Foreign investors are soon likely to be compelled to buy Indian companies' stocks because of under ownership among global investors despite a recent rise in market weight, said Christopher Wood, Global Head of Equity Strategy. In a Jefferies note, Chris Wood explained Indian equities’ strong earnings growth profile and track record of generating peer-beating returns. He said that rising Indian market weight and deep markets should attract incremental foreign flows to the country.
Under-ownership of Indian equities among foreign investors
Despite being the 5th largest stock market in terms of market capitalisation, India is ranked 8th in the Bloomberg World Index with a weight of 2 percent. This provides scope for foreign investors to increase investment into the fastest-growing country in the world, said Wood.
According to him, Indian equities are the most under-owned by global emerging markets active funds since 2014. He adds that while India’s weight in the MSCI EM index has increased, foreign investors have not shored up Indian equities in the same proportion. This will change moving forward, he said.
India’s weightage in emerging market indices has increased since 2020. Jefferies points out that India’s weightage in the MSCI EM index has increased to 17.9 percent now from 8 percent in June 2020. Wood said the increasing weightage of India in a global fund will make Indian stocks ‘a must have’ for a more diverse set of equity investors beyond the EM-focused ones.
The note also mentioned that Indian markets witnessed $20 billion in equity flows in 2023, which wasn’t as high compared to previous levels as a percentage of market cap, indicating potential for more inflows.

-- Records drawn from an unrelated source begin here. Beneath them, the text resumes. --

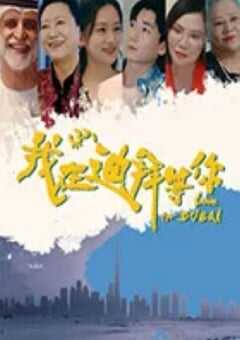 2025年国产大陆电视剧《我在迪拜等你》全24集 4K网盘迅雷下载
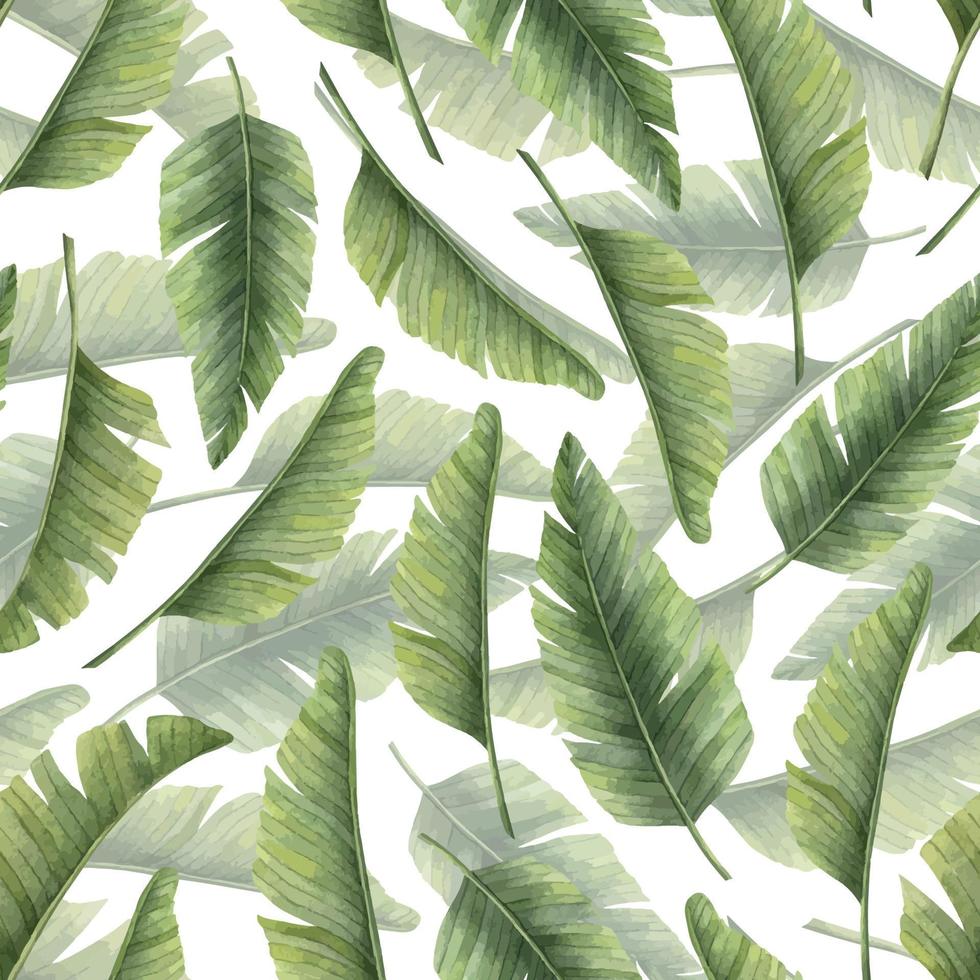 Seamless Watercolor Pattern with exotic Tropical Palm Leaves on isolated background. Hand drawn ornament with summer green tree branches for textile design or wrapping paper. Botanical colorful print. vector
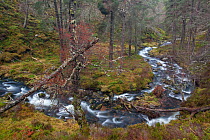 Allt Ruadh burn running through ancient caledonian woodland, Glenfeshie, Inshriach, Cairngorms NP,  Scotland, UK, October 2010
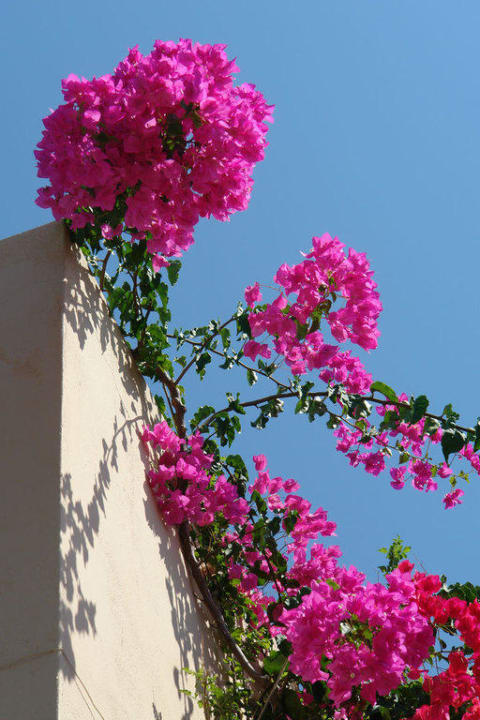 Blumen Grand Hotel Holiday Resort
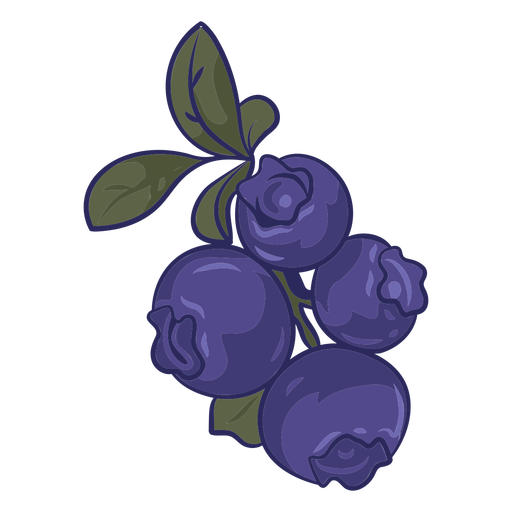 Blueberries in a stem color stroke PNG Design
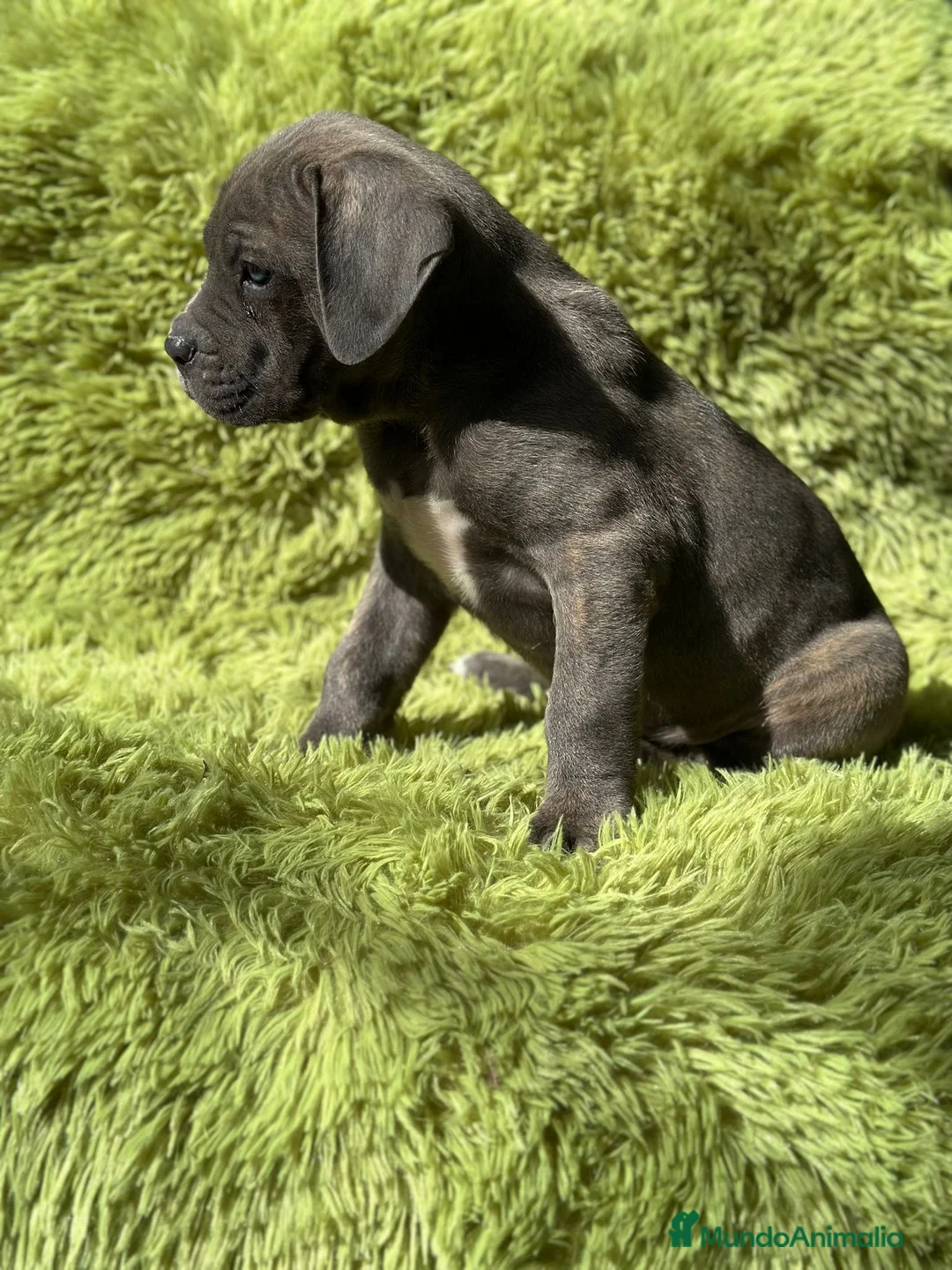 Cane Corso perros en venta: Cane corso - Anuncio 6
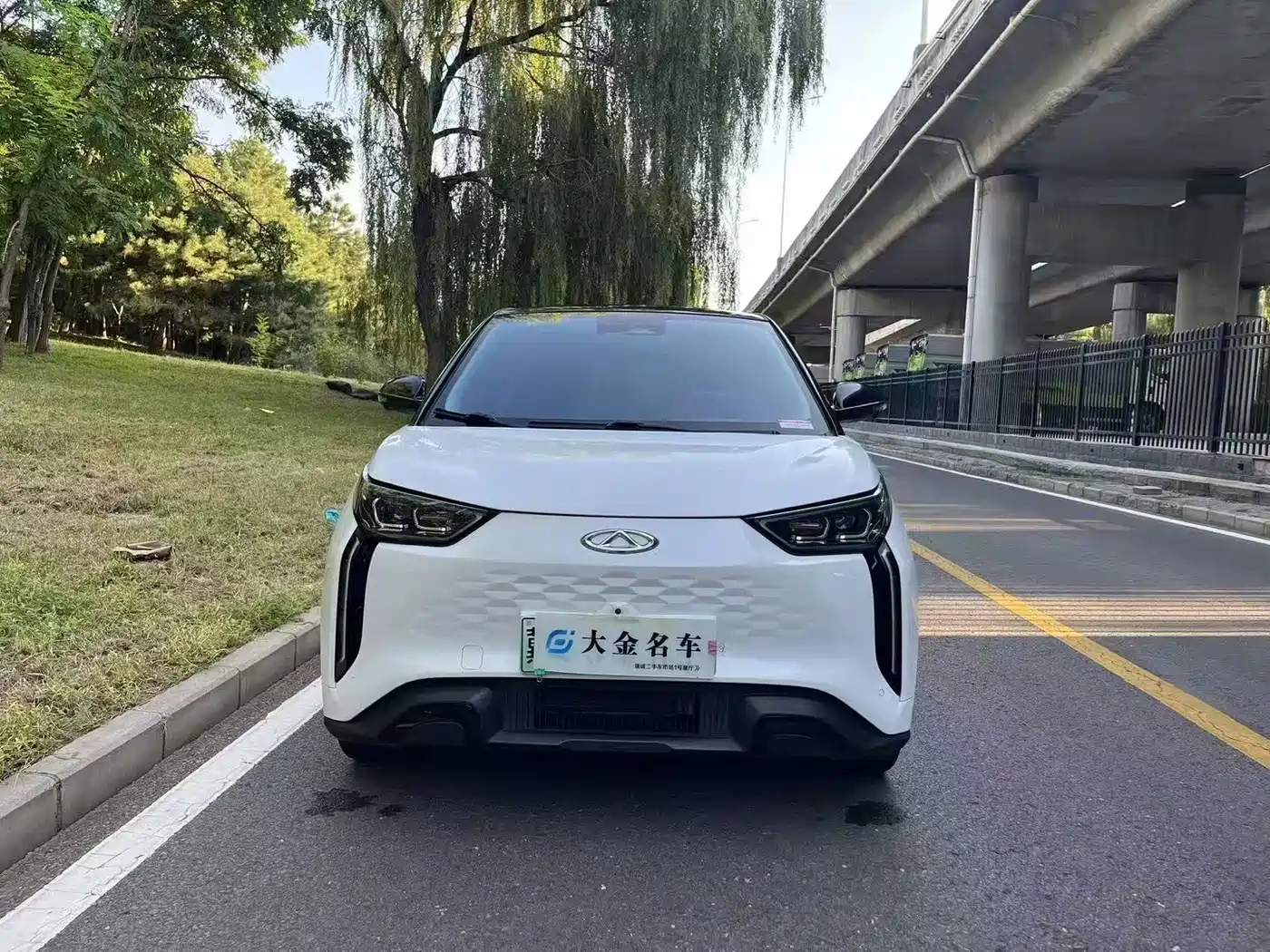 Chery New Energy Chery Wujie Pro 2022 2022 Model 301km Mythical Beast Edition NCM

Underpentration of domestic funds in Indian markets
Wood also noted that Indian markets are underpenetrated by domestic funds compared to global standards. According to data compiled by the World Bank, only 5 percent of Indian household savings are in equities. Mutual fund assets-to-GDP is at 16 percent, which is lower compared to the global average of MF assets to GDP at 60 percent. With more and more investors now becoming aware of mutual funds, Jefferies expects more savings to flow into Indian equity markets.